Jumping Earthquakes: limits to rupture forecasting exposed by instantaneously triggered earthquake doublet

An important question in understanding the potential magnitude of earthquakes, and consequently the hazard certain faults may pose, is the distance over which earthquakes can jump during rupture. This is because a critical observation of earthquake scaling which holds true is that the longer a fault rupture, the larger the earthquake. In a bigger earthquake, the ground shaking is more severe, it occurs over a wider area and lasts longer; exposing more buildings and people to a greater level of hazard.

The previous consensus on the control of the maximum likely leap in an earthquake was that an offset between faults of 5 km would probably be enough to stop a rupture – the gap being too much of a physical barrier for the earthquake to jump across. This limit of 5 km is used in some standard seismic hazard assessments.

However, an international team of researchers, including current and ex- members of the Oxford Earth Sciences department, have forensically unpicked from a seismic event that struck Pakistan in 1997, a pair of large earthquakes that had been previously catalogued as one. In a study published this week in Nature Geoscience, they combine satellite observations with seismology, to show that this pair of earthquakes involved a massive jump of 50 km between fault segments during the rupture – this is 10 times larger than the current accepted rule that is used in assessing earthquake hazard.

Satellite radar image of the ground deformation resulting from the 1997 Pakistan earthquake. The two bullseyes of deformation in this image (centre and lower right) were crucial in revealing the doublet nature of this earthquake and the large distance over which the rupture jumped.

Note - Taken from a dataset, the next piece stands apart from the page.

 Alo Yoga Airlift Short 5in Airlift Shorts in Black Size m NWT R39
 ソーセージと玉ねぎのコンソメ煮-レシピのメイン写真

This finding will fundamentally change the way in which earthquake hazard scenarios are run in regions of distributed faulting, because the network of faults which could potentially be triggered as the rupture proceeds would be greatly expanded. Therefore, not only is it crucial to determine the range of jumps feasible in earthquakes, such as in this study, it is also critical to establish the distribution of faults within the crust which could be potentially triggered. This will be no easy task, given that many faults, such as the pair involved here, are hidden underground and lack a clear surface expression to give away their presence. There are large regions of the world, some with huge cities, which have these buried faults beneath them – places such as Southern California, Iran and east China. The goal of identifying active faults is one of the major research avenues for the Earthquake Geology and Geodesy group within the department.

This study is published in the journal Nature Geoscience and involved current members of the department John Elliott and Barry Parsons, as well as past members of the group – Ed Nissen, Al Sloan, Gareth Funning and Tim Wright.

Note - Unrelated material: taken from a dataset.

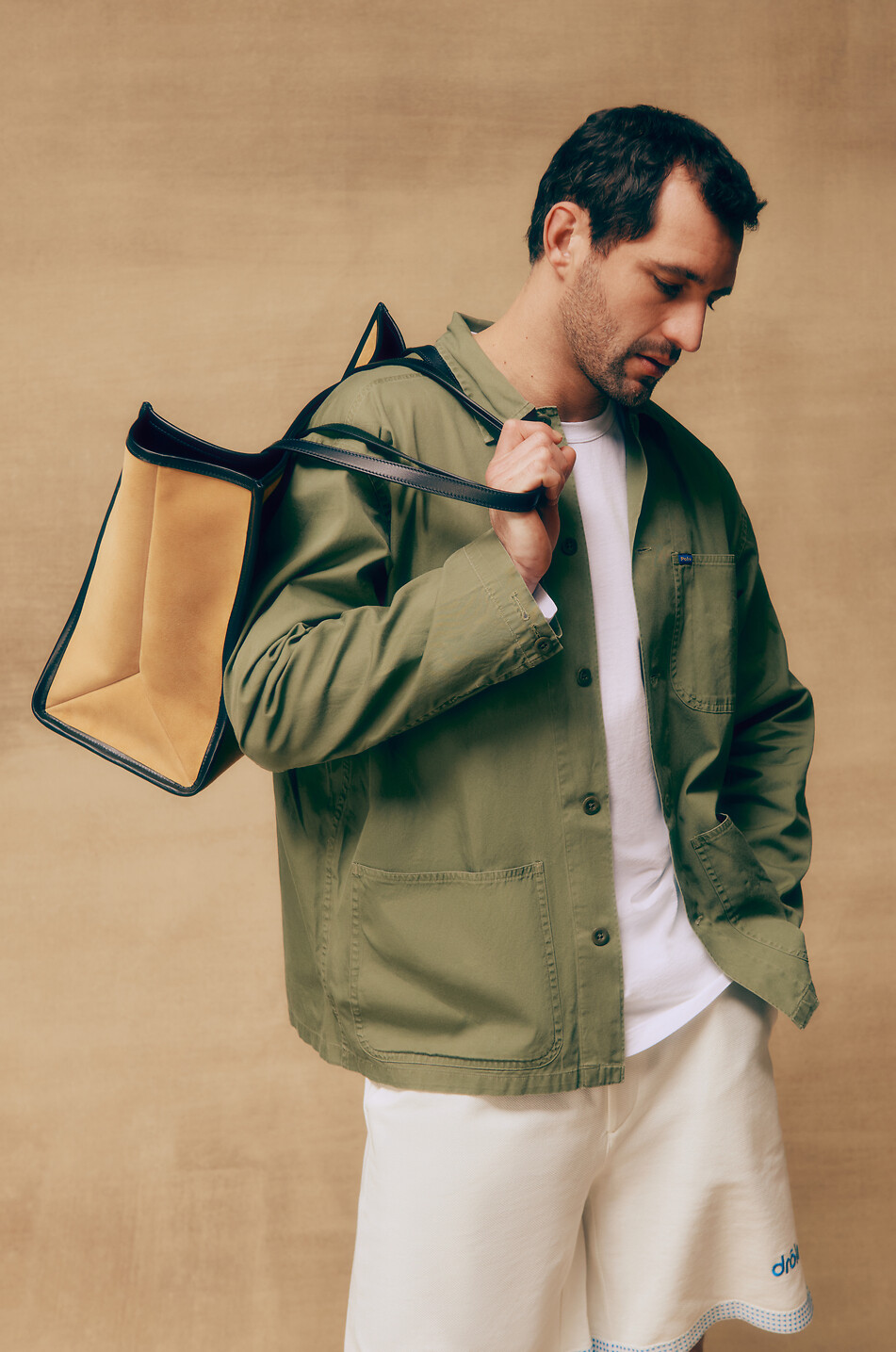 ALEXANDER McQUEEN Sac cabas en daim et cuir McQUEEN Pendant Homme CAMEL 3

The work was funded in part by the Natural Environmental Research Council (NERC) through the Earthquake without Frontiers (EwF), Looking Inside the Continents from Space (LiCS) and the Centre for the Observation and Modelling of Earthquakes, Volcanoes & Tectonics (COMET).

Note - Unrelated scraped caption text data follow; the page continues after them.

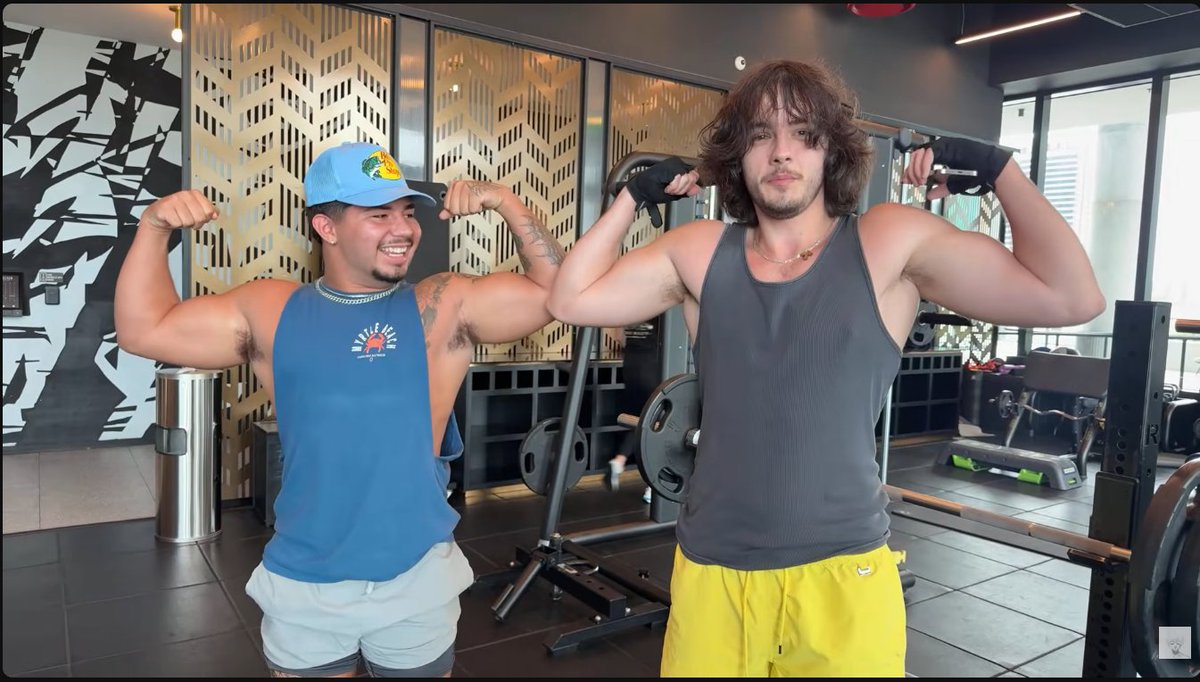 auralyis's tweet photo. my duo is so jacked holyy https://t.co/XfdwtITWOY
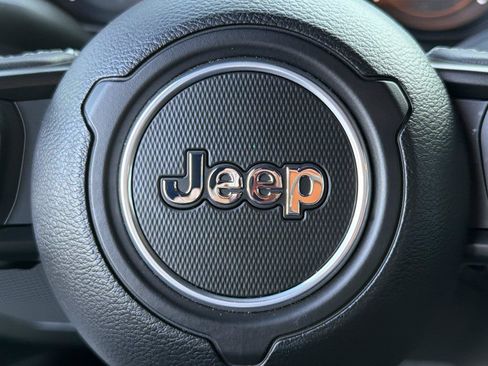 Used 2025 Jeep Wrangler Sport AWD/4WD image 21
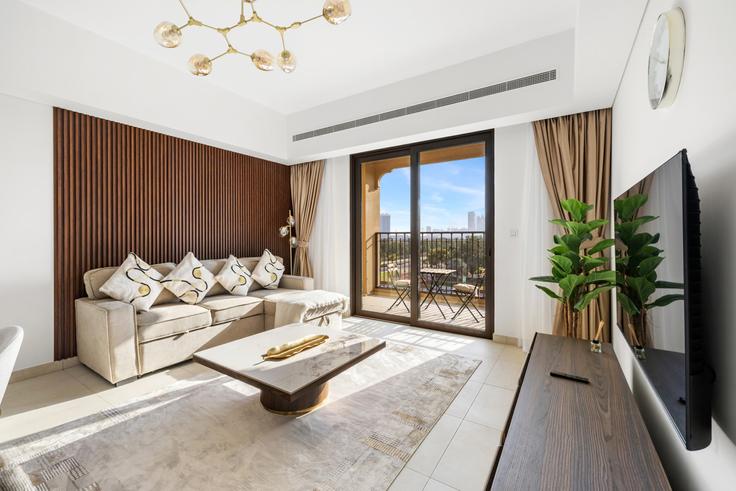 Sala de estar elegantemente projetada com móveis modernos em um apartamento no Building Umm Suqeim Street - stonetree-vacation-homes - 1422171 em Umm Suqeim Third, Dubai Sala de estar elegantemente projetada com móveis modernos em um apartamento no Building Umm Suqeim Street - stonetree-vacation-homes - 1422171 em Umm Suqeim Third, Dubai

Research Paper: Nissen, E. K., Elliott, J. R., R. A. Sloan, T. J. Craig, G. J. Funning, A. Hutko, B. E. Parsons & T. J. Wright (2016) Dynamic triggering of an earthquake doublet exposes limitations to rupture forecasting, Nature Geoscience, doi:10.1038/NGEO2653

Fold and thrust belt of the western Sulaiman mountains of Pakistan. Hidden beneath these folds is the pair of large fault planes that ruptured in the 1997 Harnai earthquake, jumping 50 km between segments. Image: Landsat 8 false colour image (742).